Consumer credit scores have been artificially inflated over the last decade ears and are covering up a very real danger lurking behind hundreds of billions of dollars in debt. And when Goldman Sachs is the one ringing the alarm bell, you know the issue may actually be serious.
Joined by Moody's Analytics and supported by "research" from the Federal Reserve, the steady rise of credit scores during our last decade of "economic expansion" has led to a dangerous concept called "grade inflation", according to Bloomberg.
Grade inflation is the idea that debtors are actually riskier than their scores indicate, due to metrics not accounting for the "robust" economy, which may negatively affect the perception of borrowers' ability to pay back bills on time.
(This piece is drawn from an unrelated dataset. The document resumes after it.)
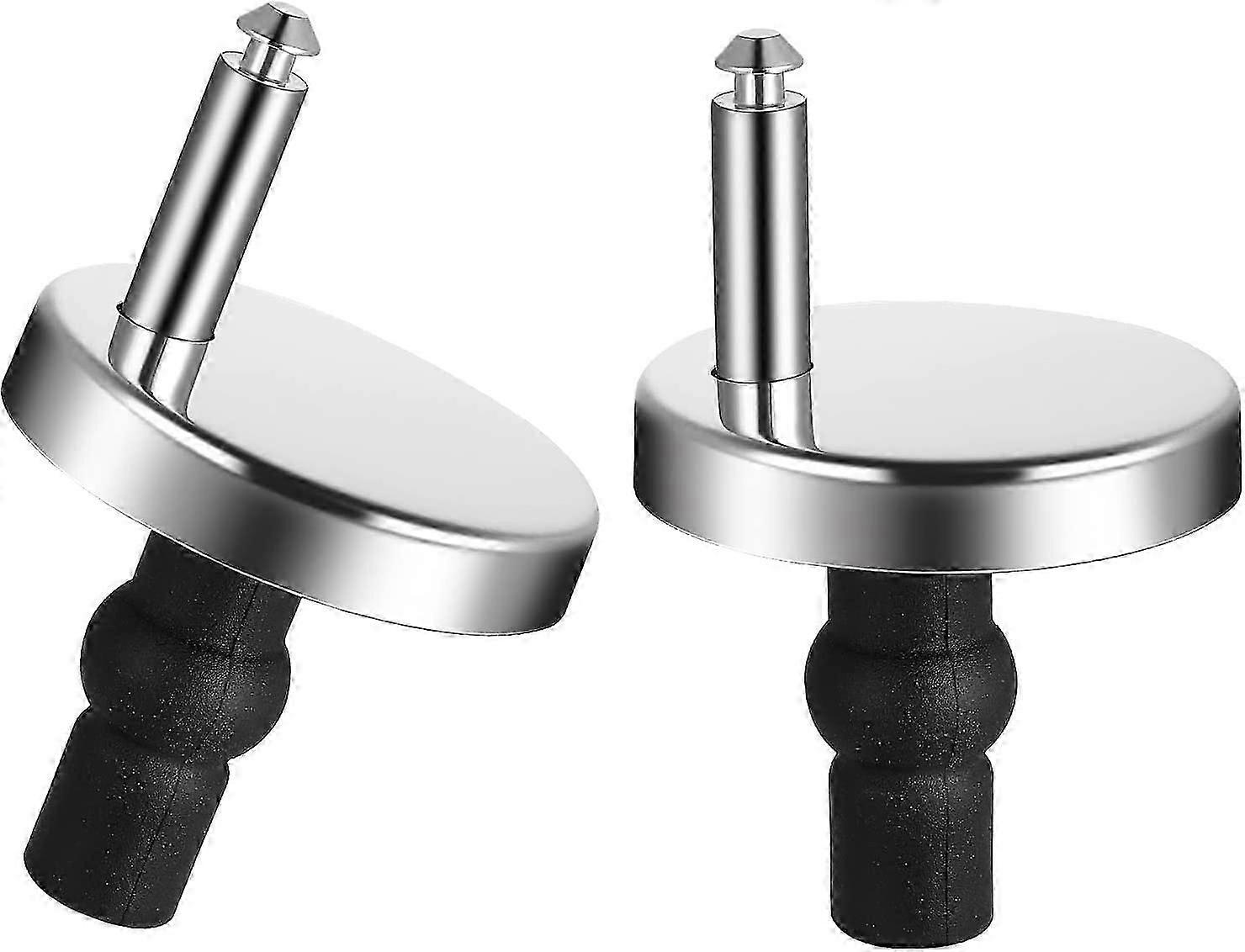 Toilet Seat Fixing Hinge Set - Replacement Screws, Base Length 50mm, Pair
This means that when a recession finally happens, there could be a larger than expected fallout for both lenders and investors.
There are around 15 million more consumers with credit scores above 740 today than there were in 2006, and about 15 million fewer consumers with scores below 660, according to Moody’s.
On the surface, this disappearance of subprime borrowers is good news. But is there more than meets the eye to the American consumer's FICO score renaissance?
Cris deRitis, deputy chief economist at Moody’s Analytics said: “Borrowers with low credit scores in 2019 pose a much higher relative risk. Because loss rates today are low and competition for high-score borrowers is fierce, lenders may be tempted to lower their credit standards without appreciating that the 660 credit-score borrower today may be relatively worse than a 660-score borrower in 2009.”